Race car suspensions aren't really that enjoyable on the street. No doubt it's cool to take freeway off-ramps at triple their rated speed, but the rest of the time a twitchy, tire-wearing, bone-rattling, NVH on steriods ride will just annoy and tire you out.
Make your shocks adjustable, keep your caster and camber at reasonable levels, don't go for too-quick steering, and use bushings with some compliance.
jp
parsonsj
02-24-2009, 12:48 PM
For some reason, people always want to build a car around an existing set of wheelsYou're right: it's all about making sure the suspension will fit inside the car body. Reasonable choices here make the rest go much better.
jp
ps. And Matt, it was your boss who taught me to choose the wheels and tires first. Art wouldn't make me a chassis until I spec'ed the wheels. :cheers:
ccracin
02-24-2009, 01:47 PM
Guys,
This is exactly what I was hoping for. I have seen the need for this type of info, but didn't know how to go about extracting it. I feel like a lawyer here, asking all these leading questions. :lol: I figured if I could get some recognized people in the industry to speak up it would have more credibility than some nobody spouting off.
Matt,
When I said I picked wheels and tires first, I meant for diameter. Then i choose my ride height. It looks like we all tend to agree on this point.
I also agree with issues dealing with driving a race car on the street. When people get it, most don't like it. I guess that is why they call them "Race" cars and "Street" cars. I guarantee I would not want to drive a car that rode like my circle track cars on the street for very long.
Later,
Silver69Camaro
02-24-2009, 02:57 PM
ps. And Matt, it was your boss who taught me to choose the wheels and tires first. Art wouldn't make me a chassis until I spec'ed the wheels. :cheers:
Yeah, wheels and tires need to be picked when doing our chassis or else we don't know how wide to set the rear clip or what hub track width to use. But when designing a suspension from scratch, only a range of wheel sizes and backspacing is needed...instead of designing the suspension around an existing set, which only puts limitations on the design and will more likely be less than optimum.
Heh, who does Art think he is, anyway? (just kidding!)
novanutcase
02-24-2009, 03:32 PM
I'm going to tiptoe through here and make a suggestion.
Why not try and separate both types of suspension? Street and Race. I think this will help focus a lot of questions that everyone would like to hear the answers to within that specific genre. Maybe pick a model of car for street that is typical and run through the process of setting it up. A camaro maybe? :unibrow: Same for a race car although in that case you're not really limited by packaging constraints other than whatever the rulebooks limit you too.
John
ccracin
02-24-2009, 05:31 PM
I'm going to tiptoe through here and make a suggestion.

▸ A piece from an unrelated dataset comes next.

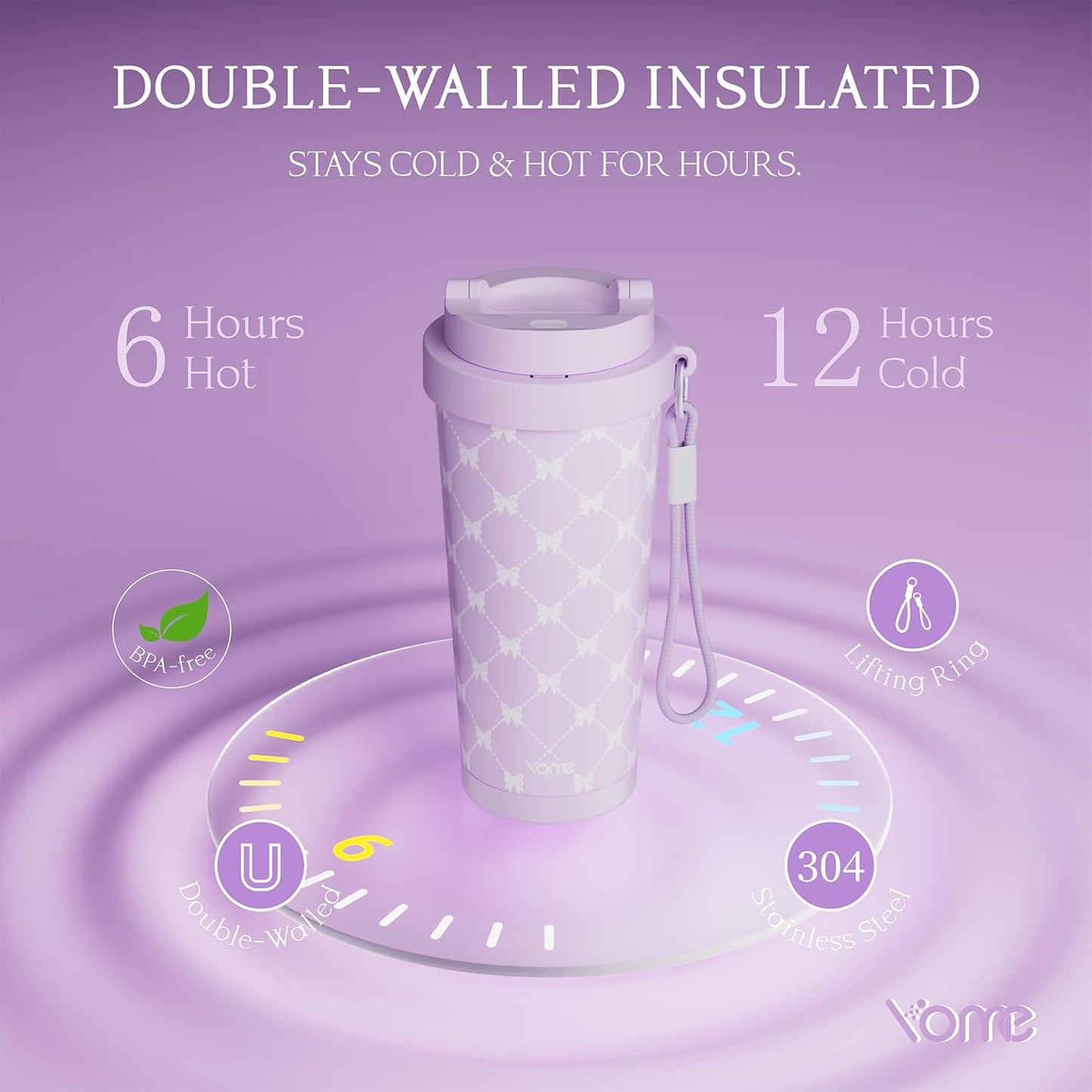 YOME 17oz Elegant Purple Bow Ceramic Lined Insulated Coffee Mug with Infuser for Women| One-handed Pop Open Lid | Stainless Steel |Keep Drinks Cold and Hot| 100% Leak Proof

Why not try and separate both types of suspension? Street and Race. I think this will help focus a lot of questions that everyone would like to hear the answers to within that specific genre. Maybe pick a model of car for street that is typical and run through the process of setting it up. A camaro maybe? :unibrow: Same for a race car although in that case you're not really limited by packaging constraints other than whatever the rulebooks limit you too.
John
Sweet! I'm game. John, that's why you get the big bucks. You're an idea man!:hail:
We don't even have to say "Camaro". We could just give a jump off point.
I'll throw this out to what you guys think.
Front Tire diameter: 25.5"
Rear Tire diameter: 26"
Front Track Width: 60"
Rear Track Width: 61"
Wheel Base: 108"
Start here and indicate whether you are setting up a street car or a race car. If this doesn't work, where should we start?
parsonsj
02-24-2009, 06:49 PM
Sure ... this could be fun.
But we need more contraints: wheel diameter? what kind of spindle? base chassis? engine placement?
jp
ccracin
02-24-2009, 07:26 PM
Sure ... this could be fun.
But we need more contraints: wheel diameter? what kind of spindle? base chassis? engine placement?
jp
Constraints...we don't need no stinking constraints! Sorry I couldn't resist.:P
I would say for the race car, you choose with regard to all of those.
For a street car, how about:
18" Wheels
You choose the spindle. That is part of the magic, right? Anyway this seems to be an area of great debate lately.
Custom Chassis with the track width and wheel base i mentioned above. With these dimensions it should be close to alot of cars guys on this site are working on. Right or wrong I don't think in most cases it is cost effective to modify a stock chassis to the extent that some do. JMO
Front Engine. Hmmmmmm how to explain placement. For the street it would have to fit in an engine bay with in reason.
These are just suggestions on my part to keep this going. I am open to any suggestions.
novanutcase
02-24-2009, 08:17 PM
Constraints...we don't need no stinking constraints! Sorry I couldn't resist.:P
I would say for the race car, you choose with regard to all of those.
For a street car, how about:
18" Wheels
You choose the spindle. That is part of the magic, right? Anyway this seems to be an area of great debate lately.
Custom Chassis with the track width and wheel base i mentioned above. With these dimensions it should be close to alot of cars guys on this site are working on. Right or wrong I don't think in most cases it is cost effective to modify a stock chassis to the extent that some do. JMO
Front Engine. Hmmmmmm how to explain placement. For the street it would have to fit in an engine bay with in reason.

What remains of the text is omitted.